This change improves the navigation experience for readers by reducing repetitive information in both the sidebar and in topic groups of the rendered documentation. It reduces the number of results that turn up in web searches and sidebar filtering by folding overload pages into a single page. And for the same reason, it enables simpler linking to overloaded symbols, both for documentation authors and for others linking to your public content.

Motivation

Today, DocC automatically generates a unique page for every public symbol using the symbol’s full name as the last path component of the symbol’s URL. Every class, structure, and enumeration gets a page, as does every initializer, property, method, and so on within those entities. This ensures that documentation represents every part of the API without depending on a writer to manually identify each symbol.
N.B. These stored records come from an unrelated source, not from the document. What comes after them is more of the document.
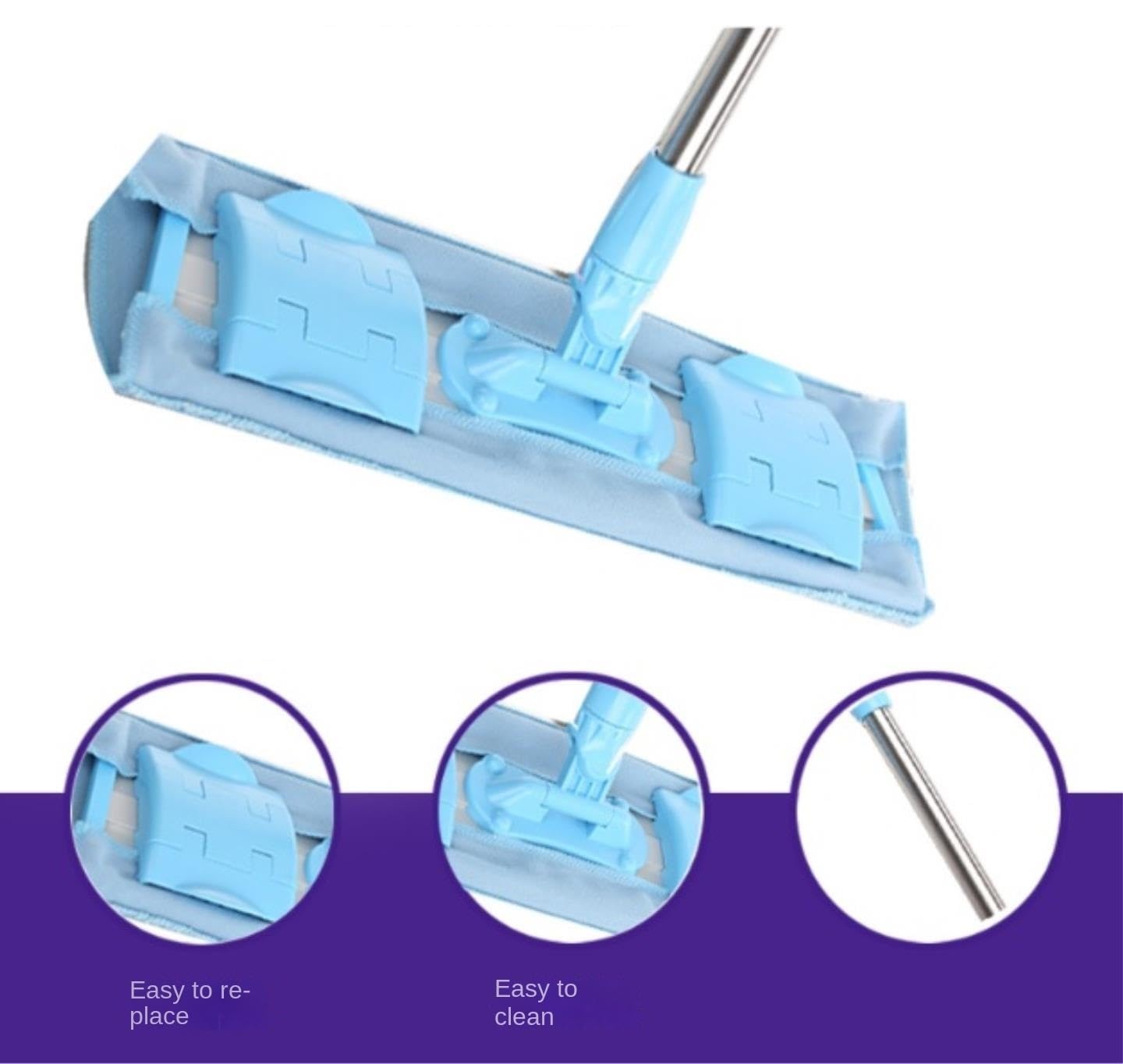 Fregona Fregona Plana para Suelos De Madera Dura con Mango Largo para Limpieza En Casa O La Oficina Belleza Práctica Limpieza Suelo(Purple)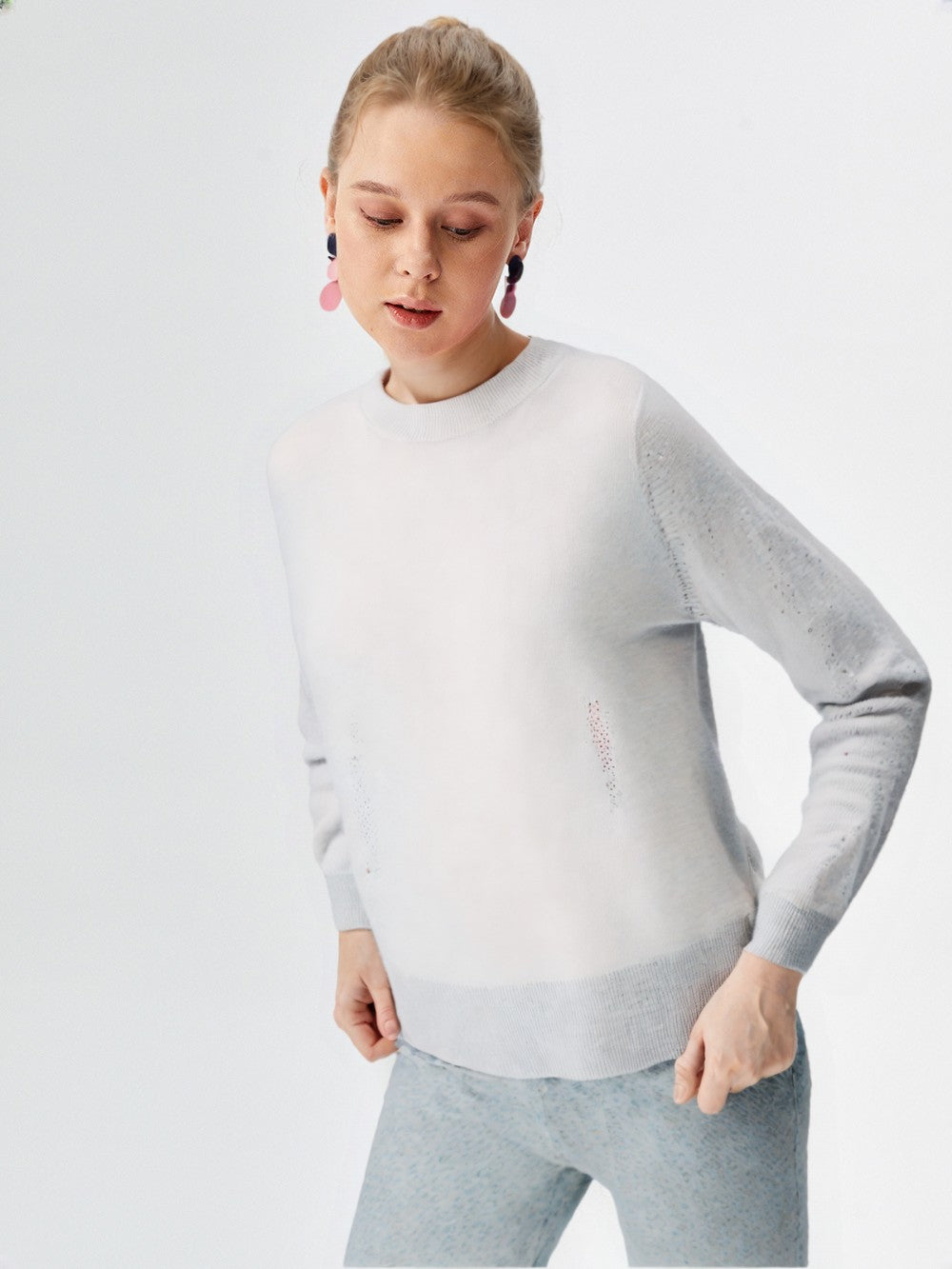 Ladies Classic Jersey Baby Alpaca O Neck Sweater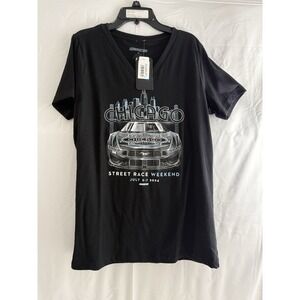 NASCAR Chicago Street Race 2024 Youth M T-Shirt Black Graphic NWT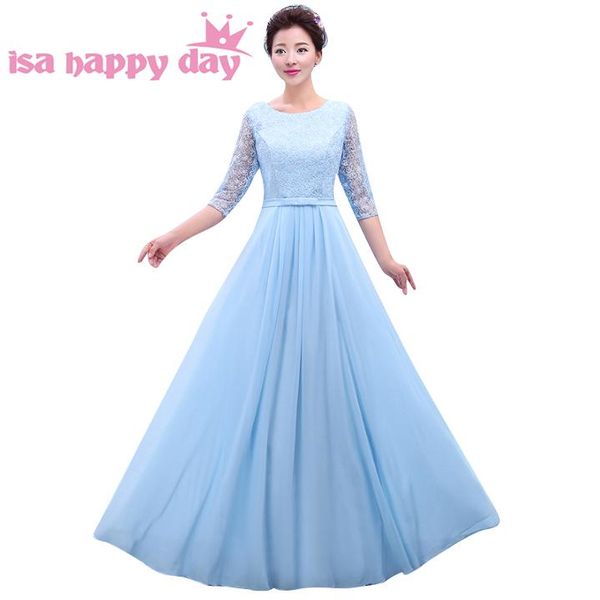 

party dresses half sleeve light blue ladies clothing long dress evening unique bows 2021 for woman with sleeves h3765, White;black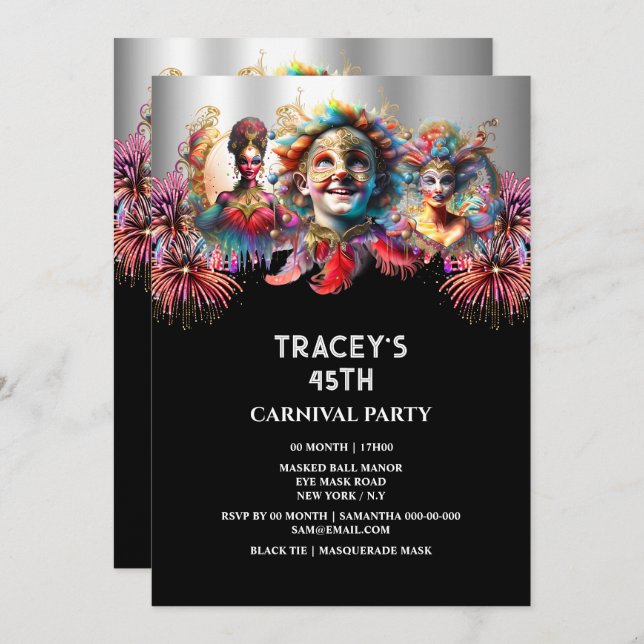 Karneval Nachtzirkus Feuerwerk Masquerade Masken Einladung (Vorne/Hinten)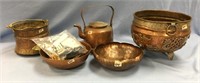 Lot with brass pots, bowls, tea kettle, and a zip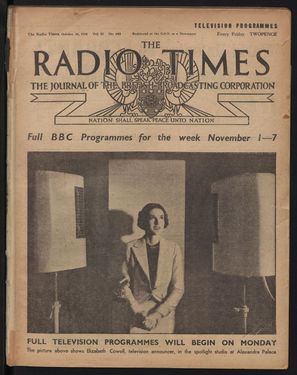 Issue 683 of Radio Times promoting the arrival of BBC Television Service.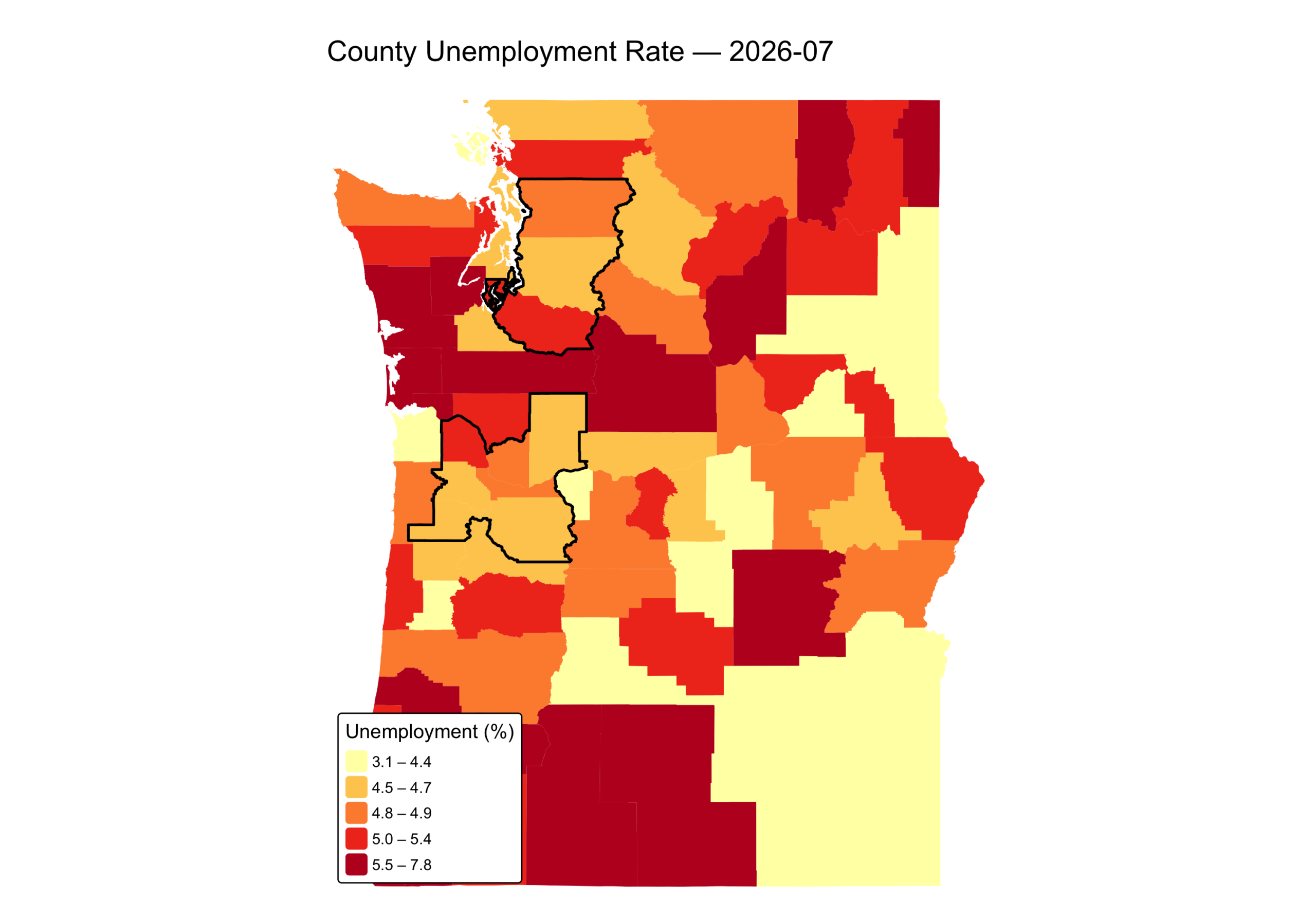 County Unemployment Map
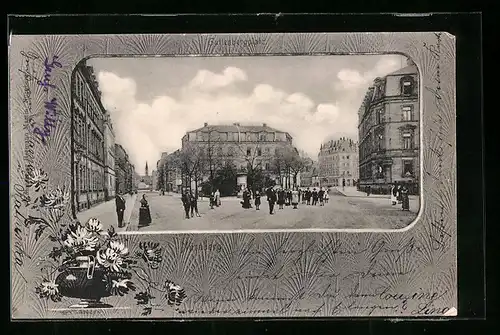 AK Nürnberg, Strassenpartie am Guttenbergplatz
DocC links to all of these pages from the sidebar, as well as from topic groups that appear on other symbol or collection pages.

Separately, Swift supports overloads, which are symbols that have the same full name, differing only in generics or types. Typically, these kinds of symbols also have substantially similar behavior, performing a common operation on different kinds of inputs. For example, the following methods from SwiftUI are overloads because they have the same name, specifically searchable(text:placement:prompt:) , and differ only in how they acquire the text for a prompt:

func searchable(
    text: Binding<String>,
    placement: SearchFieldPlacement = .automatic,
    prompt: Text? = nil
) -> some View

func searchable(
    text: Binding<String>,
    placement: SearchFieldPlacement = .automatic,
    prompt: LocalizedStringKey
) -> some View

Supporting Swift overloads in the face of a one-page-per-symbol strategy creates challenges for both readers and authors. For example:

The docs contain multiple pages about what is conceptually a single, configurable behavior. Being presented with many substantially identical pages (in the sidebar, in a topic group, or in search results) adds to the reader’s cognitive load and reduces discoverability. Which page should I look at? Do I need to visit all of them? How do they differ? Ideally, there would be a single place to read about a particular behavior.
Link text is hard to read. To enable readers to distinguish between overloaded methods that appear in a list of symbol links, like in the sidebar or a topic group, DocC includes type and generic information in the link text in those places. This creates long, noisy links that are hard for a reader to scan through. The length also frequently produces truncation in the sidebar, eliminating the advantage that including the extra information was meant to confer. Meanwhile, the type and generic information typically isn’t relevant to a reader at this point in their journey, when they are browsing to learn what kinds of things are broadly possible.
An overloaded symbol’s URL is obscure. Because the last path component of a symbol’s URL is the symbol’s name, DocC appends a unique string to the URL of an overload to distinguish it from other overloads with the same name. However, these strings are hard for humans to discover or interpret, and can change in surprising ways as the code evolves, making overload symbol URLs difficult to work with for both readers and authors. For example, you can directly type the URL of a symbol into your browser if you know its name, but that isn’t possible if the symbol is an overload.

Proposed solution

I propose combining the documentation for all the overloads of a particular symbol onto a single page. The combined page provides enough information for a reader to discover all the overloads that the page represents, as well as a means to focus on a particular overload. To avoid overwhelming the reader, the page updates its content to reflect the overload in focus, including automatically-generated content like availability markers, as well as writer-generated content like abstracts and discussions. In most cases, most of the information across overloads is the same, with the primary difference being the types that appear in the declaration. However, updating all the content per selected overload provides flexibility for when there are differences.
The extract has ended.